In a statement, the couple said they hope the gift will help “reverse generations of inequality.” Historically Black colleges and universities have smaller endowments than most other private institutions of higher learning.

When Brian Bridges first heard about the $120 million donation, his initial reaction was “elation, joy, amazement,” he said. As head of research at the United Negro College Fund, he understands the money will help tens of thousands of students who apply for scholarships annually.

“The fact that this is today, the largest single investment in HBCUs is a bit saddening because these kinds of investments and size of investments are made to predominantly white institutions every year,” Bridges said.

HBCUs attract more lower-income students than other colleges and universities — 90% of them are eligible for financial aid. And COVID-19 has been hard on the schools, said Marybeth Gasman with the Rutgers Center for Minority Serving Institutions.

“For many of them, their infrastructure is not necessarily ready for being online,” Gasman said. “That takes a lot of work, it takes a lot of money.”

And reopening campuses will take even more money.
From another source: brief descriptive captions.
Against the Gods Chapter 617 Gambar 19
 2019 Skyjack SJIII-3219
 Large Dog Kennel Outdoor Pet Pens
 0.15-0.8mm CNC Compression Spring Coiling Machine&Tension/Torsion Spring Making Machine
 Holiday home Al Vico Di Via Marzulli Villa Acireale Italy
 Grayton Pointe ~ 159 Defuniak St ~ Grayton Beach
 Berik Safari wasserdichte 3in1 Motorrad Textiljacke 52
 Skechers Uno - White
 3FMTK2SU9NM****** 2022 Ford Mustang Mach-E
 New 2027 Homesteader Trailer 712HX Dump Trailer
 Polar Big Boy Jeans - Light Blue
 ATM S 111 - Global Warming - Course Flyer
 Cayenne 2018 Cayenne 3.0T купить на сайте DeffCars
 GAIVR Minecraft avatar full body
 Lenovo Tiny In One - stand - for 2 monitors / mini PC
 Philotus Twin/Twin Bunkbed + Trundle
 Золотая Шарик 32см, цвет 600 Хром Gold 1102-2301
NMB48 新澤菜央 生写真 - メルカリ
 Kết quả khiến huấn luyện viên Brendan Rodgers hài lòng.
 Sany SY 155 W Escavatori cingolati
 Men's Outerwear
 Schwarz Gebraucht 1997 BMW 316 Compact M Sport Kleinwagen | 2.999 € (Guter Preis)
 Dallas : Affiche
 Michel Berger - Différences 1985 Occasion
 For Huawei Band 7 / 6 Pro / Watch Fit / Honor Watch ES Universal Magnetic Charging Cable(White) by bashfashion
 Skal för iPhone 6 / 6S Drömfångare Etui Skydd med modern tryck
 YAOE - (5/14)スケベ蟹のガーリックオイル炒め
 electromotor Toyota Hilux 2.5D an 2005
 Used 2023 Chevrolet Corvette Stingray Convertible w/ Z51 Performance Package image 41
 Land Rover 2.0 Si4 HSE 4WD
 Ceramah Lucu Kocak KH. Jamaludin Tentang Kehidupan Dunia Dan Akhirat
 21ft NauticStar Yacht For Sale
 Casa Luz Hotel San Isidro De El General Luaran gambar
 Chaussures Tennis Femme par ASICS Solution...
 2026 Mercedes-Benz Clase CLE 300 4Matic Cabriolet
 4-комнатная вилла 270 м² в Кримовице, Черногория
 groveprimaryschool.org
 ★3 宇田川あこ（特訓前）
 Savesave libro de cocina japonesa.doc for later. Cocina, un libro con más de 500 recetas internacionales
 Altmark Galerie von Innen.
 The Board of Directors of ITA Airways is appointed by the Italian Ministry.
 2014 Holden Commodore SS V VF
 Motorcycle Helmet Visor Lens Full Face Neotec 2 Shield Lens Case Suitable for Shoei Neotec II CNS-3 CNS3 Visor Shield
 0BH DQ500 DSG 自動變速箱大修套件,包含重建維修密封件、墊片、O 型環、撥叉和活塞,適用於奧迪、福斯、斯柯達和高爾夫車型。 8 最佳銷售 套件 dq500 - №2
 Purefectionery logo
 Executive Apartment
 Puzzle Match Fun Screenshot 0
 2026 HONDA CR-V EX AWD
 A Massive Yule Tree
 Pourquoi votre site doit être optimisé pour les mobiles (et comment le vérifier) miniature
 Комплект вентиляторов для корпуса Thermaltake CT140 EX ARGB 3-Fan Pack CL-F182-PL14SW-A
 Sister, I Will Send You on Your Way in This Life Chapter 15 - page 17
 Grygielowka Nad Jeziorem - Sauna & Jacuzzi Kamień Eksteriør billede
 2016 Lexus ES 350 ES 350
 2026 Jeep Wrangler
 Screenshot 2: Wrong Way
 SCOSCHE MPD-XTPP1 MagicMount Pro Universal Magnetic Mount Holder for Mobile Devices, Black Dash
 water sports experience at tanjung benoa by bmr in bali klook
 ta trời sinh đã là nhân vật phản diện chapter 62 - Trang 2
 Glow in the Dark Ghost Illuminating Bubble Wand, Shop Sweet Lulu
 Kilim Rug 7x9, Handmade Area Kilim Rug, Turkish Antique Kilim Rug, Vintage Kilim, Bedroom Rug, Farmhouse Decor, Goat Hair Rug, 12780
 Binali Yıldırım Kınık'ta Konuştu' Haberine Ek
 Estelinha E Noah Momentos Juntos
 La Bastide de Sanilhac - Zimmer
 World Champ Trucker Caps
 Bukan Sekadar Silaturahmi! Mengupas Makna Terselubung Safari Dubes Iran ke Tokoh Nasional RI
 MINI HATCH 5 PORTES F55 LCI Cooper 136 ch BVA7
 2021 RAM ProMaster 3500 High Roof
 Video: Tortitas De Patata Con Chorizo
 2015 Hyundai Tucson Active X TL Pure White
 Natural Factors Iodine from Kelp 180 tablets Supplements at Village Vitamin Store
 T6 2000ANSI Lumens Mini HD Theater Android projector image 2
Virginia State University President Makola Abdullah is looking at millions of dollars in social-distancing costs.

“The revenue reduction from social distancing in the residence halls and not having as many students on campus, and then if you couple that with the growing level of COVID-related infrastructure that you want to put in, extra cleaning, signs on the floor to mark distance,” Abdullah said.

Abdullah expects to see a 10% enrollment decline. But the recent Black Lives Matter protests may have a silver lining for HBCUs: A survey found that their enrollments increased after protests and the election in 2016.